On Go 2 Generics

Posted on Jan 29, 2021

Last summer the Go team announced an updated design draft for adding generics to the language. Included in the announcement was a new experimentation tool, named go2go, for developers to compile, test, and run code written using the generics feature described in the latest design draft. This blog post documents my experience using the go2go tool to add support for generics to an existing PubSub package.

tl;dr: here is the code diff

go2go

The go2go tool is a working prototype. It can parse the new language syntax and transform it to a sort of “intermediate” Go 1 code, which can then be fed to the standard Go compiler and executed. I have read that it relies on monomorphization to transform code, but I can’t say that I understand what that means.

You can install the go2go tool now by fetching & building the latest version of the dev.go2go branch of the Go project’s source repository.
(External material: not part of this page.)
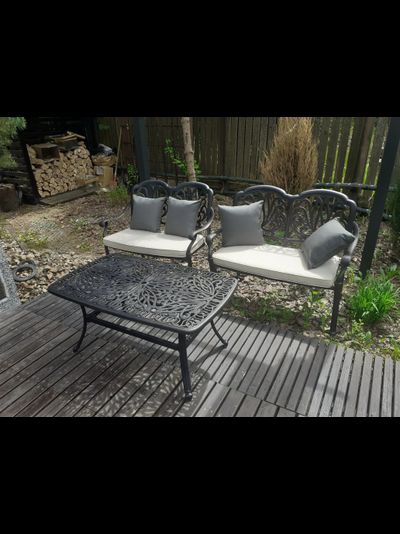 Журнальный стол из литого алюминия Valeria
There is also an online version at The go2go Playground.

Generic PubSub

There are many ways generics can be useful in a codebase, but I am particularly interested in how they can be applied to “container” code. That is, code that typically implements a specialized algorithm or data structure unrelated to the structure of the objects it holds.

PubSub is a good fit for generics for a few reasons. The need for high performance (either low latency or high throughput) meshes well with compiler optimizations that generics enable. And it is typically used in highly concurrent programs where correctness checks are critical to avoiding data races and memory bugs. Generics can lift these checks from runtime to compile time, which helps the implementer build a correct PubSub implementation.

But, (in my opinion) the most important benefit is the elimination of “book keeping” code that simplifies the API surface area for consumers of the PubSub library. It’s a particularly tricky pattern to use correctly as a developer, so any reductions in API complexity can be a major boon to them.

github.com/benburkert/pubsub

The package I’ve chosen to analyze is a pretty bare bones PubSub implementation I wrote a while ago. It allows package users to publish and/or subscribe to a single stream of objects, via a function call/callback or channel send/receive. The objects can be of any type and are internally tracked as empty interface instances. There is a complicated API for adding type safe publishers and subscribers (enforced at runtime), which works with both functions and channels.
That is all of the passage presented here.